Supplements: Are they worth your buck?
A stroll through the health aisle at the local supermarket will have one’s eyes glance upon a variety of different supplements marketed as if they were a necessity to live a healthy and fulfilling life. But how much do we really need these supplements, and are they worth the money we’re paying for them?
In 2019 alone, the vitamin and supplement industry in the U.S. have made about $32 billion from sales of different supplements. These products include vitamins, minerals, herbs, botanicals, sports nutrition, meal supplements and specialty products.
All supplements sold in the U.S. are under the regulation of the Food and Drug Administration. Under the Dietary Supplement Health and Education Act of 1994, the “FDA is responsible for taking action against any adulterated or misbranded dietary supplement product after it reaches the market.” How many of the supplements in stores are really necessary?
“I don’t usually eat enough fruits and vegetables on a regular basis, so I take a multivitamin in order to get those vitamins and minerals that I’m missing out on,” said Matthew Gillies, a junior aerospace engineering student. “It’s a quick way to get those necessary vitamins in your diet that I would be getting if I were to eat more fruits and vegetables. A doctor recommended it more when I was younger, and so I’ve kept up with it. I’ve been taking one since I was about 6 years old.”
Multivitamins are the most common type of supplements taken in the world. The majority of multivitamins contain different types of vitamin B, vitamin C, vitamin K and an assortment of different minerals, including zinc, calcium and magnesium.
Vitamins can be categorized into two different groups - water-soluble and fat-soluble vitamins. Vitamins A, D, E and K are the fat-soluble vitamins, meaning any excess amounts of these four vitamins are absorbed into the body through fatty tissue. The other vitamins are water-soluble, so any excess amounts of these vitamins will simply be excreted from the body through urine.
The majority of physicians recommend fixing one’s diet before falling back on supplements to fix a lack of necessary vitamins and minerals. For example, a well-balanced diet including the necessary amounts of certain vitamins and minerals completely eradicates the need for purchasing any supplements.

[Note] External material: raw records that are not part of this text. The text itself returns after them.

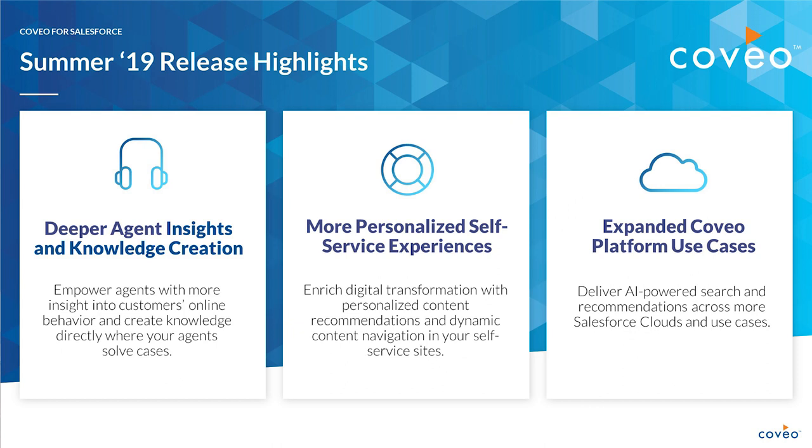Hi and welcome to part two of our video series on our summer 19 release highlights. My name is Neil Kostecki. I'm a senior product manager at Coveo. With me today is Esme Richard, our new associate product manager. Today we're going to take you through some of the features in our new summer 19 release. But first let's take a look at the themes for this release.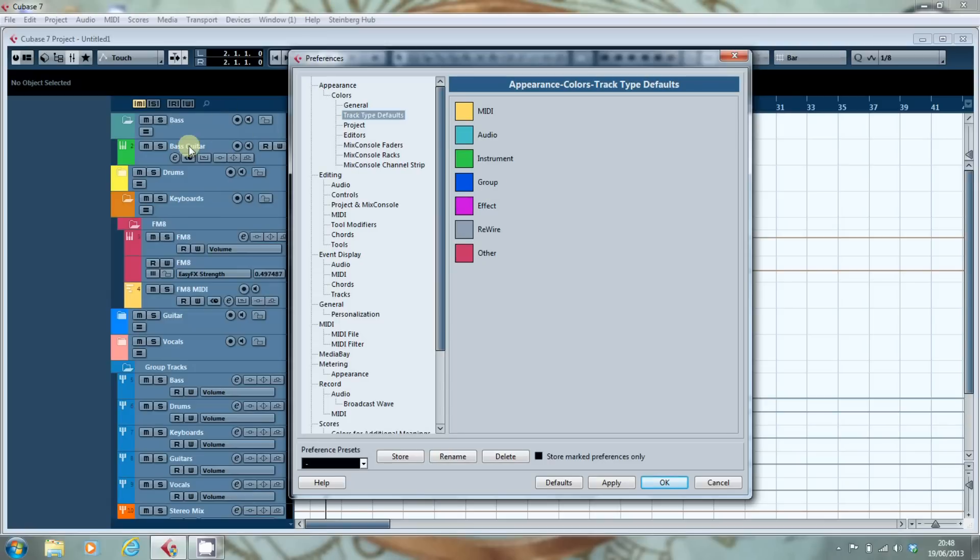So over here we've got a bass guitar track which has picked up the instrument colouration. If you create an audio track it picks up that colour. Group channels naturally go to that colour. Effects to that.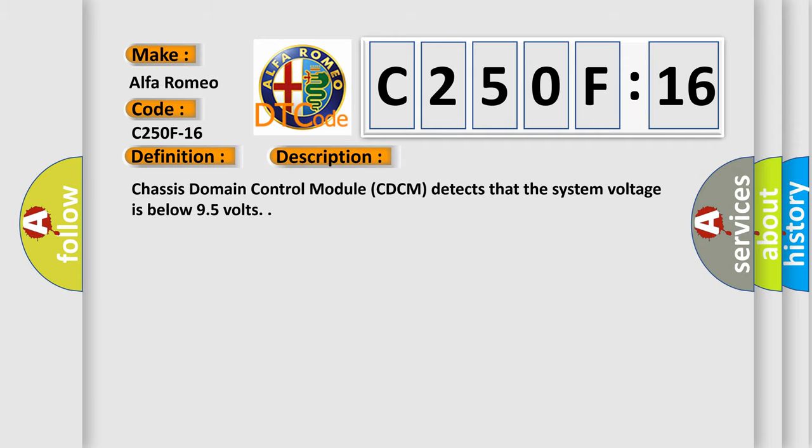And now this is a short description of this DTC code. Chassis domain control module CDCM detects that the system voltage is below 9.5 volts.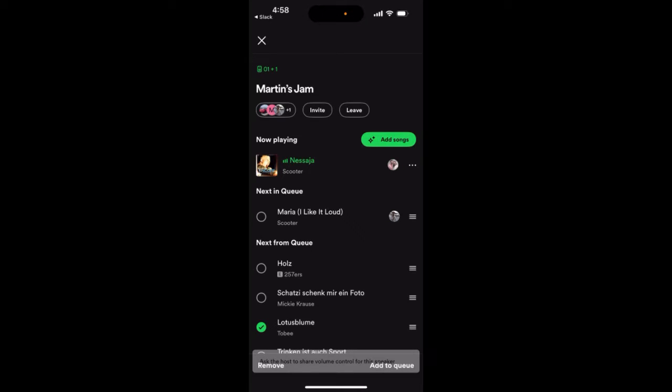How to leave a group session in Spotify. Here I just screenshotted it for you — when you join the group session, you will have the leave button in the top right. You can just tap leave.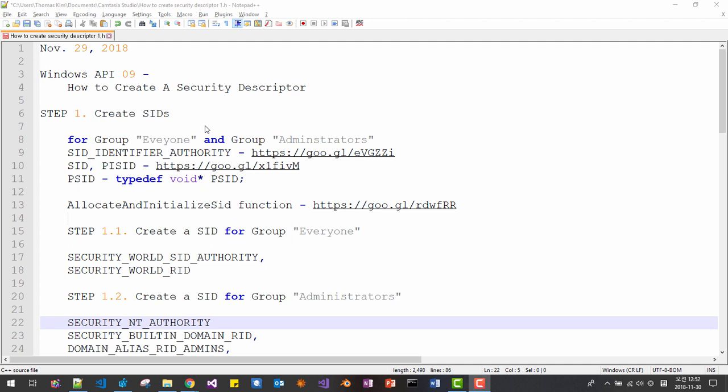Hello everyone. Today is 29th of November 2018. This is the 9th video about Windows API. In this session, we will create a security descriptor. This session consists of 8 steps.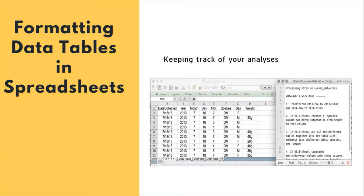We recommend that you do this in a plain text file stored in the same folder as your data file.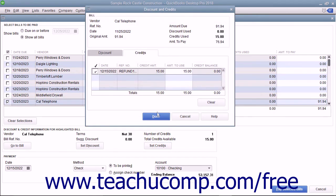QuickBooks will display the Discount and Credits window and show the Credits tab where the amount of the credit will appear.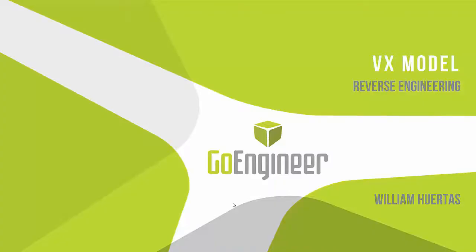Hello everyone, my name is William and I'm an application engineer for GoEngineer. Today we're going to talk about the reverse engineering software VX model.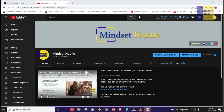Before I dive into today's lesson, if you are new to Mindset Hustle don't forget to smash the subscribe button and also turn on the bell notification icon. If you are an old follower but have not subscribed yet, what are you waiting for? Also if you are gaining knowledge from these videos, just leave us a like, share this video with your friends and your community.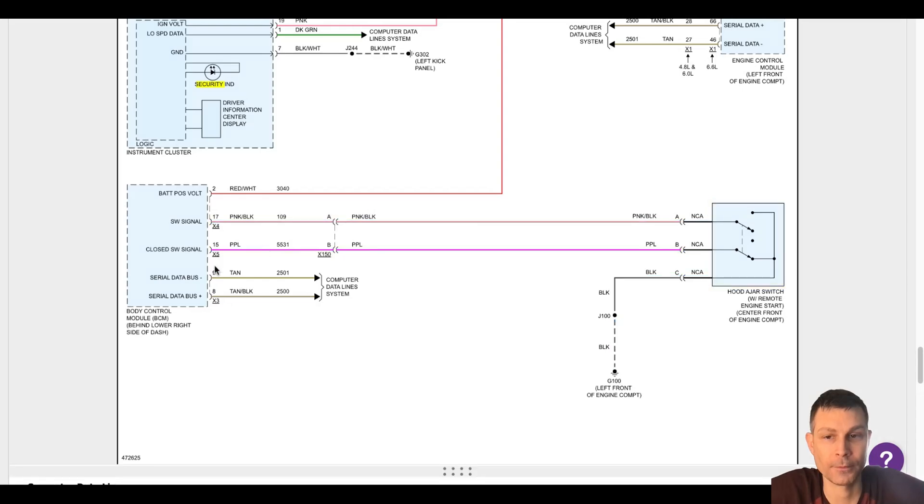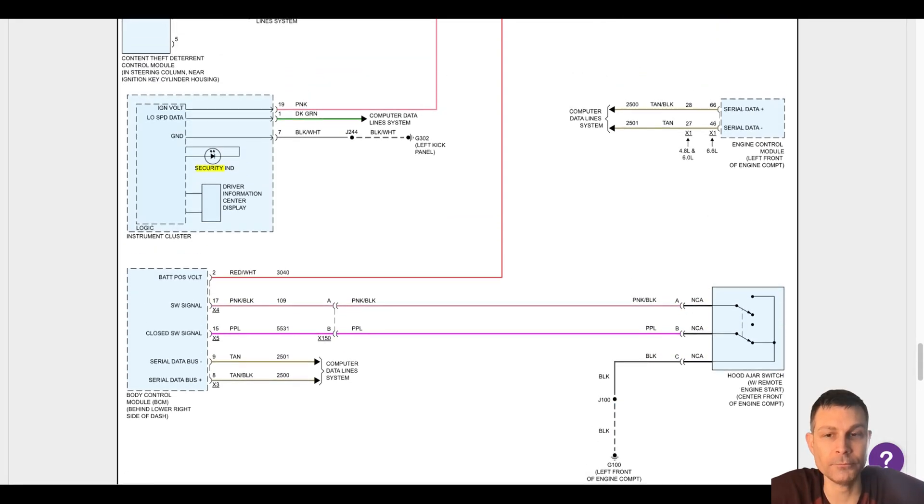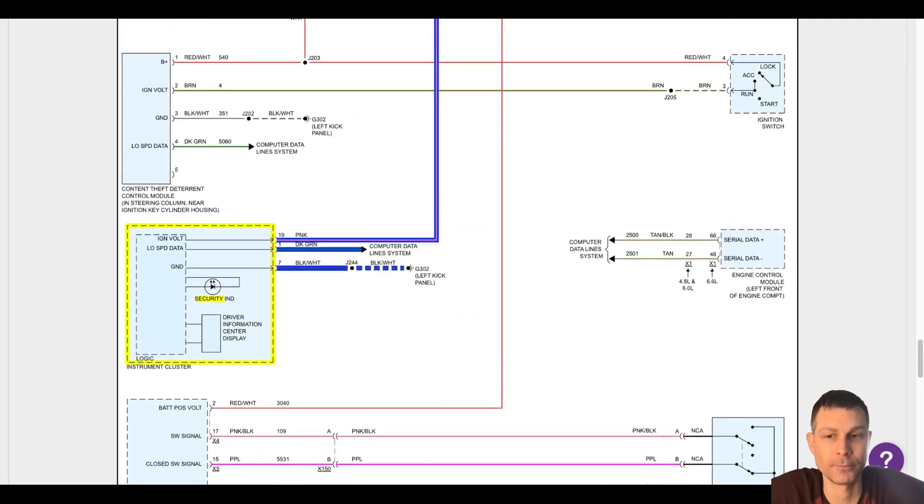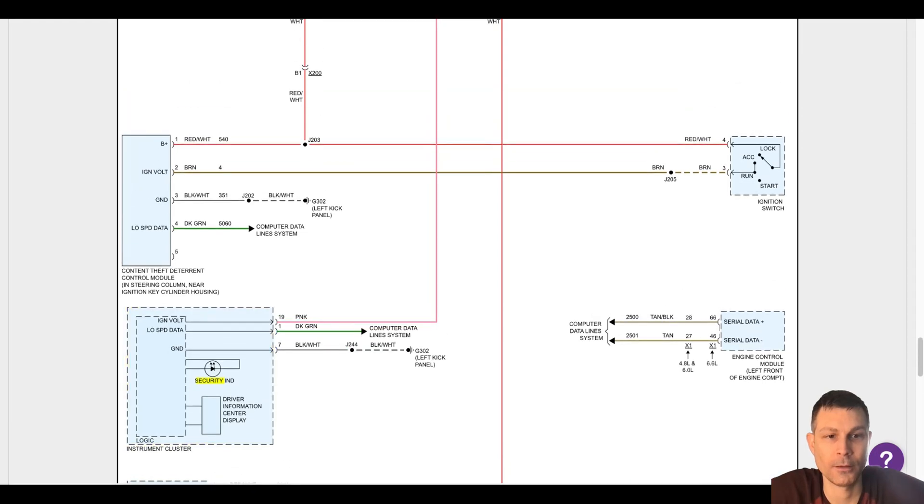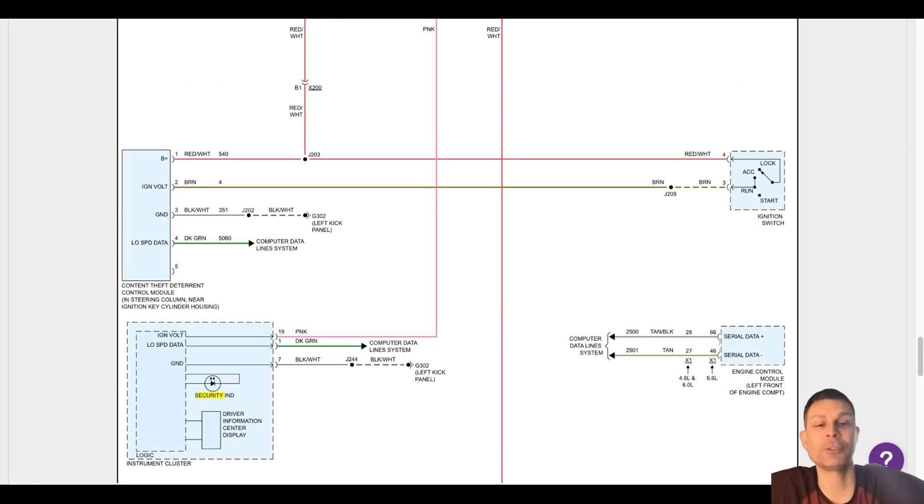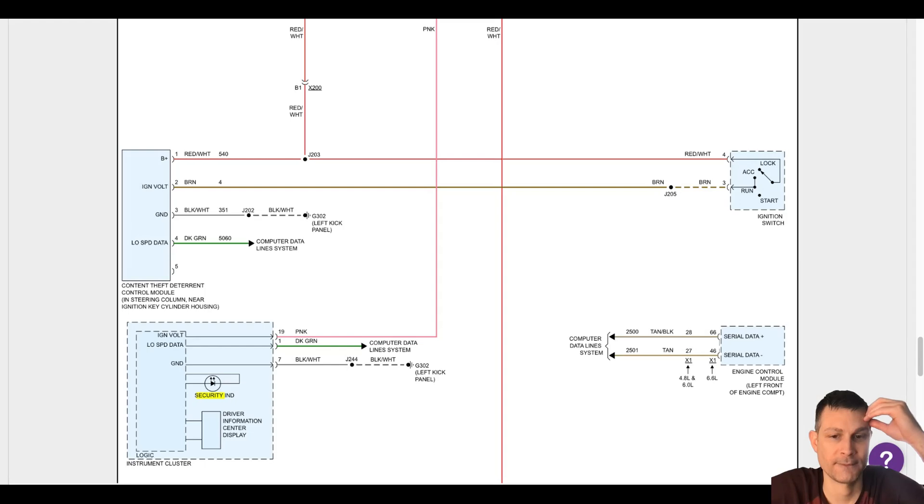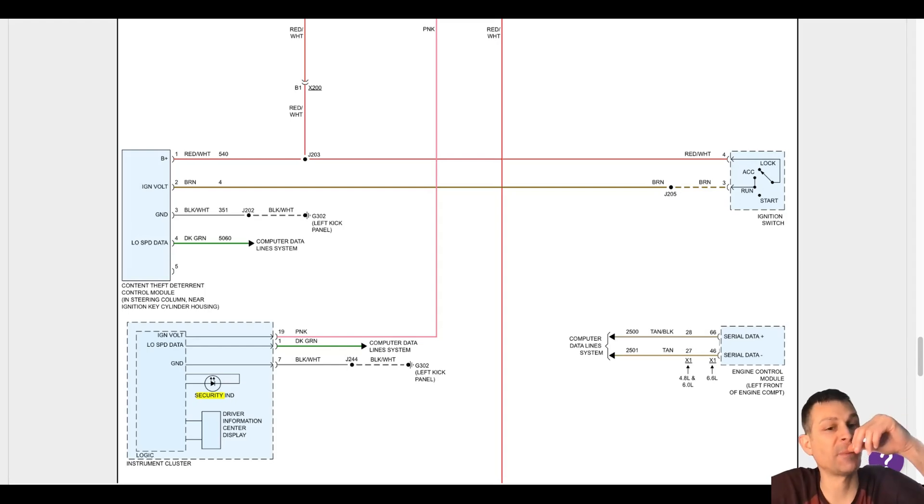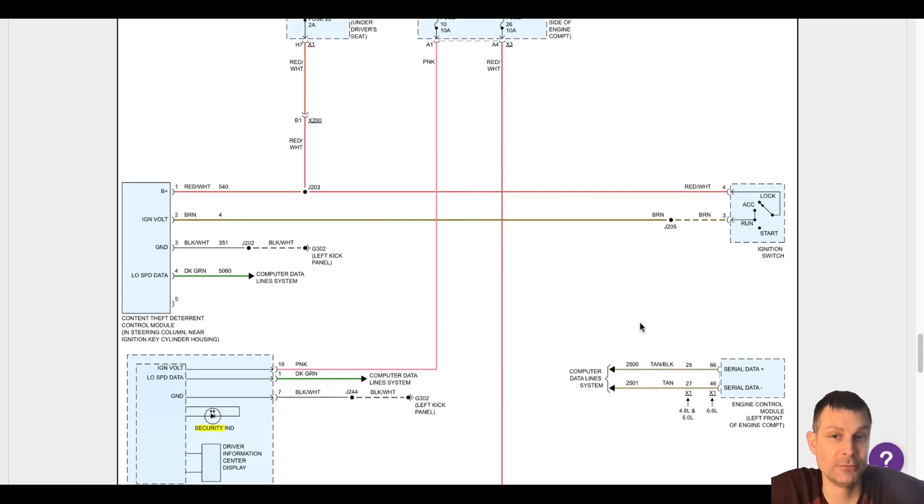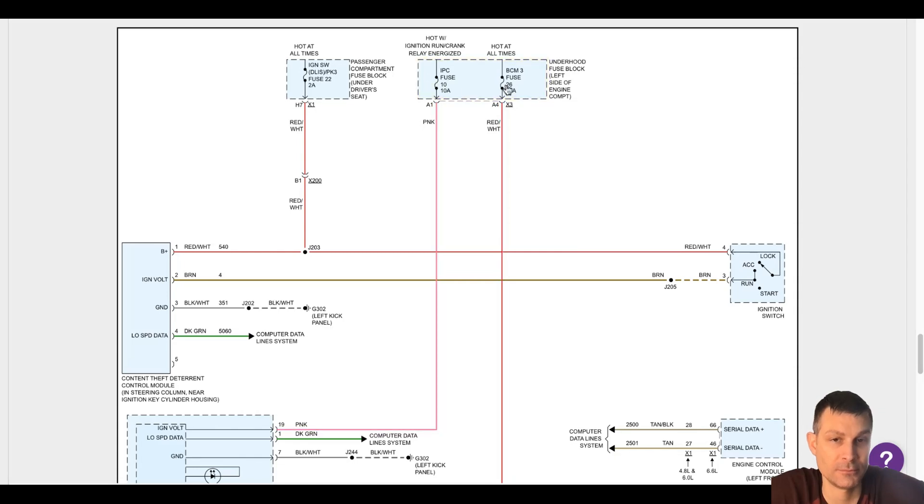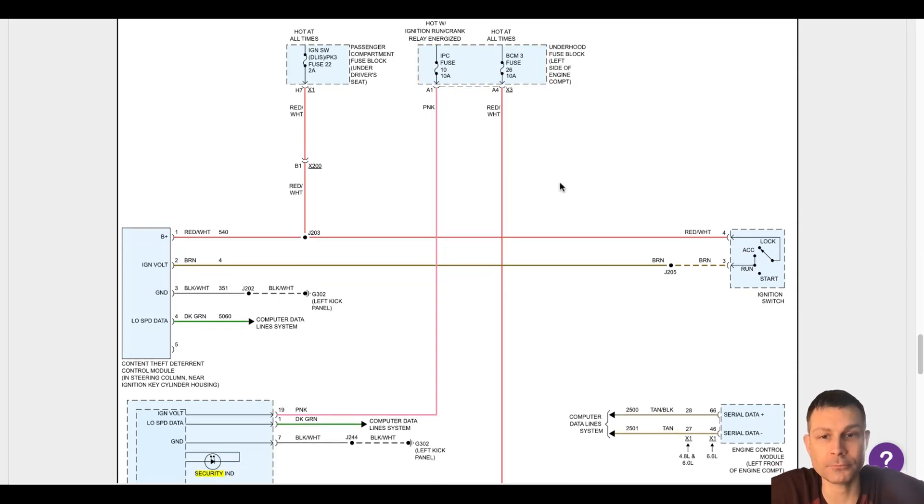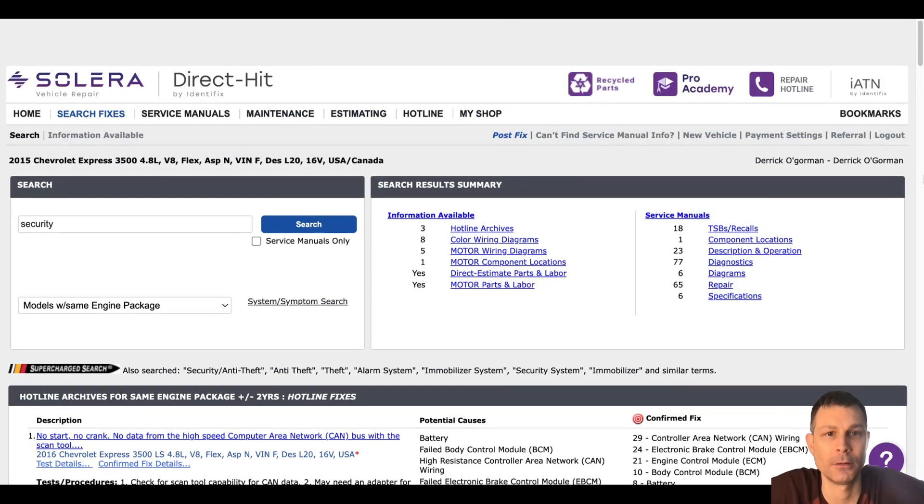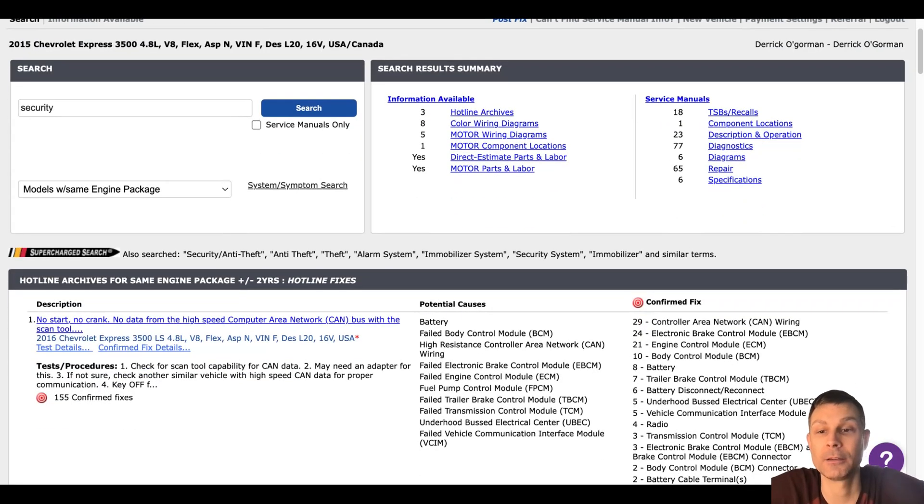Check the PCM and ECM, make sure those are getting the appropriate power to them. Yeah, make sure they're communicating first. Okay, I guess we can go ahead and try that. It's possible one of these modules have gone bad. You're sure the fuses are good?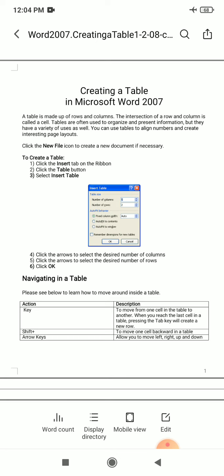Whenever we are intersecting a row and a column, that intersection is known as a cell. So if you want to insert a table in Microsoft Word, you have to follow a few steps.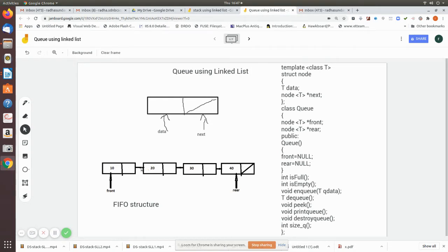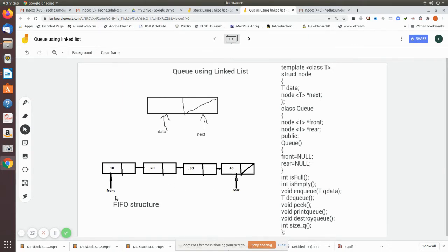Here is a queue structure we are implementing using a linked list. A singly linked list consists of two fields: one is the data field, and another is the next field, which points to the memory location of the next node of the same type. We are now using linked list instead of arrays. The queue can be operated using two pointers — one is front and another one is rear.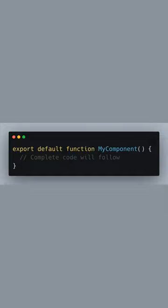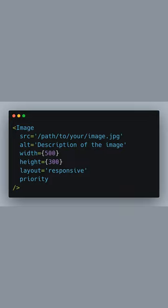Create a functional component where we'll use image. Insert the image component with essential props for optimization.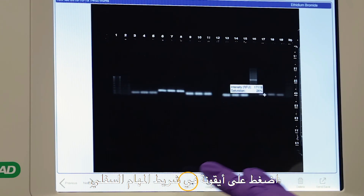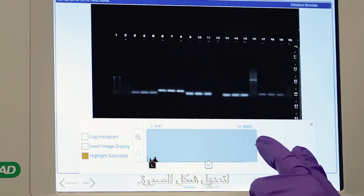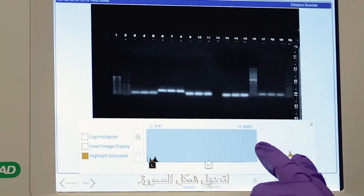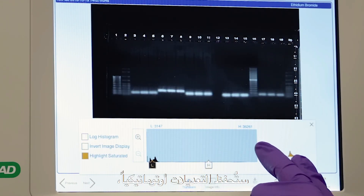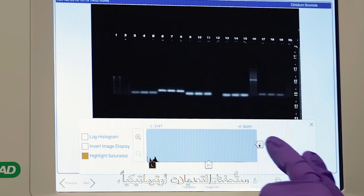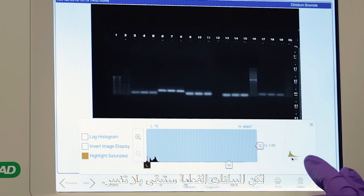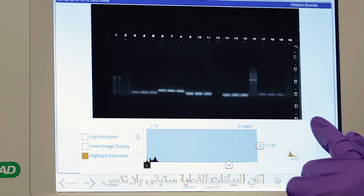Tap the transform icon in the lower toolbar to adjust image appearance. The adjustments will automatically be saved, but the actual data will remain unchanged.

“The majority of healthy patients who eat a balanced diet do not need to take a multivitamin, and thus the majority of patients who take one do not need to do so,” said Dr. Kevin Moynahan, an internist at Banner University Medical Center — Tucson. “For the majority of healthy individuals who eat a balanced diet, a daily multivitamin is not needed. Before deciding to take a daily multivitamin, people should talk to their physician or healthcare provider about their current diet and medical conditions.”
What makes taking supplements so attractive to the majority of people? The convenience of just taking a pill once or twice daily to fulfill their health needs can appeal to many. However, some people don’t think this form of diet intervention is really necessary to live a healthy life.
“I just never needed to use them,” said Faiz Rafique, a senior computer science student. “The food I eat has plenty enough nutrition for me, so I have never needed extra vitamins to make me feel better.”
Vitamins can be necessary for some people who are unable to get the majority of necessary vitamins and minerals from their diet. For example, a lack of access to proper nutrition can make taking a multivitamin very important.
“Examples of conditions or situations in which a multivitamin should be considered include alcoholism, poor-quality diets that do not contain fruits and vegetables, patients who have had a gastric bypass procedure, malabsorption and consuming a vegan diet,” said Moynahan. “Patients with osteopenia or osteoporosis may benefit from calcium supplementations (if their diet contains less than 1200 mg of calcium) and vitamin D supplementation.”
The decision to take supplements is an important decision for one’s health. Speak to a health care provider before deciding to take this form of intervention into your daily life.